FABRIZIO MORVIDUCCI
Cronaca

L’alba del 4 novembre ’66. Firenze cadde e si rialzò. Ci fu chi sacrificò la vita. Oggi il ricordo degli eroi

L’Arno ruppe le spallette in Santa Croce e travolse la città che ancora dormiva. Le celebrazioni in memoria delle vittime. La Nazione vegliò sul suo popolo.

Cinquantasette anni fa la furia dell’Arno violava Firenze. E stringe il cuore pensare che questa giornata non sarà dedicata solo alle celebrazioni, visto che ci sono sei vittime da piangere per la tempesta che giovedì notte ha messo sott’acqua una generosa porzione della grande Firenze e altre zone della Toscana. L’alluvione del novembre ‘66 fu una tragedia con 36 morti e danni incalcolabili. Stamani purtroppo non si tratta solo di ricordare; sarà difficile non pensare ai lutti, e alle immagini pazzesche di Campi Bisenzio da ieri sepolta sotto un metro d’acqua, degli ospedali allagati, dei danneggiamenti diffusi dovuti al maltempo.

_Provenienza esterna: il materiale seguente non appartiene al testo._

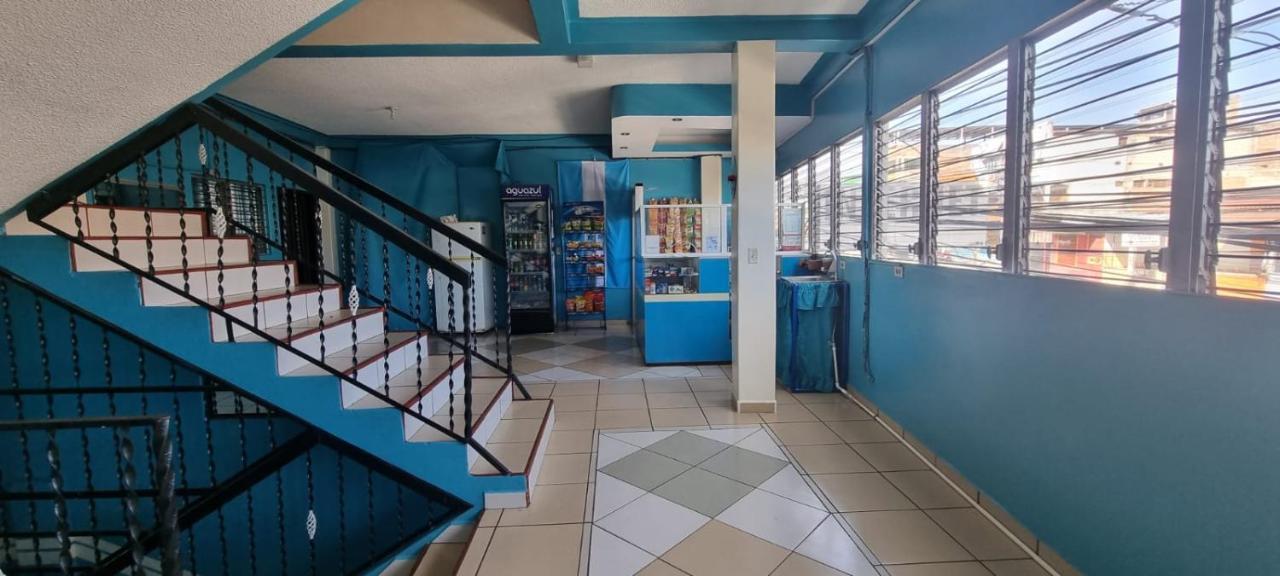 Hotel Los Andes Tegucigalpa Zewnętrze zdjęcie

Secondo il programma delle celebrazioni, alle 10,30 nella Basilica di Santa Croce ci sarà la Santa Messa officiata dal Vescovo di Fiesole Monsignor Stefano Manetti. Al termine i discorsi ufficiali commemorativi da parte del presidente del consiglio comunale di Firenze, Luca Milani, e del presidente di Firenze Promuove, Franco Mariani poi il corteo che renderà prima omaggio nell’Oratorio alla Madonna delle Grazie, posta fino alla metà dell’800 sul ponte per proteggere Firenze dalla furia dell’Arno. Alle ore 12.30 circa dal centro del Ponte alle Grazie benedizione del fiume e lancio della corona di alloro da parte del Sindaco Dario Nardella, in memoria delle vittime. L’alluvione del ’66 fu una tragedia, ma il contraltare di ogni tragedia è la resilienza. Per questo è passata alla storia anche la forza dei fiorentini, che risoluti seppero riprendersi dalla sciagura, così come è passato alla storia quel movimento solidale di persone che arrivarono da tutto il mondo per aiutare Firenze a rinascere. Ancora oggi ‘angeli del fango’ è il modo di dire che accomuna l’intervento dei volontari in ogni evento del genere, una parola d’ordine per raccontare questo umano afflato, il segno dell’impegno civile di una generazione.

Nel giorno dell’alluvione, si ricordano anche gli eroi che diedero la vita prima di cedere al fiume. Il primo è Mario Maggi di Castel San Niccolò morto a 44 anni per l’esondazione del torrente Mugnone. Nei giorni scorsi il ministero dell’Interno, ha ufficialmente comunicato a sua figlia Lina Maggi di aver inserito dopo 57 anni il nome del padre tra le vittime; il secondo eroe è Carlo Maggiorelli, operaio dell’acquedotto dell’Anconella. "E’ un disastro, s’affoga tutti", raccontò al cronista de La Nazione che chiamava per avere la situazione del fiume. Non abbandonò il suo posto fino all’estremo sacrificio. Oggi alle 8 al cimitero di San Felice a Ema sarà ricordato anche lui. Ma c’è un’altra storia legata all’alluvione che parla di resilienza. Ed è proprio quella del nostro giornale. La sala rotative di via Paolieri, bella e modernissima per i tempi, inaugurata da pochi mesi, venne totalmente allagata. I macchinari, inservibili.

Eppure giornalisti e poligrafici, sotto la guida del direttore di allora, Enrico Mattei, non si persero d’animo. Il giornale, composto a Firenze, venne stampato a Bologna, nello stabilimento del Resto del Carlino, per non far mancare ogni mattina l’informazione ai fiorentini. Che ebbero un eccezionale strumento di pressione affinché, a Roma, il governo accelerasse sulla ricostruzione.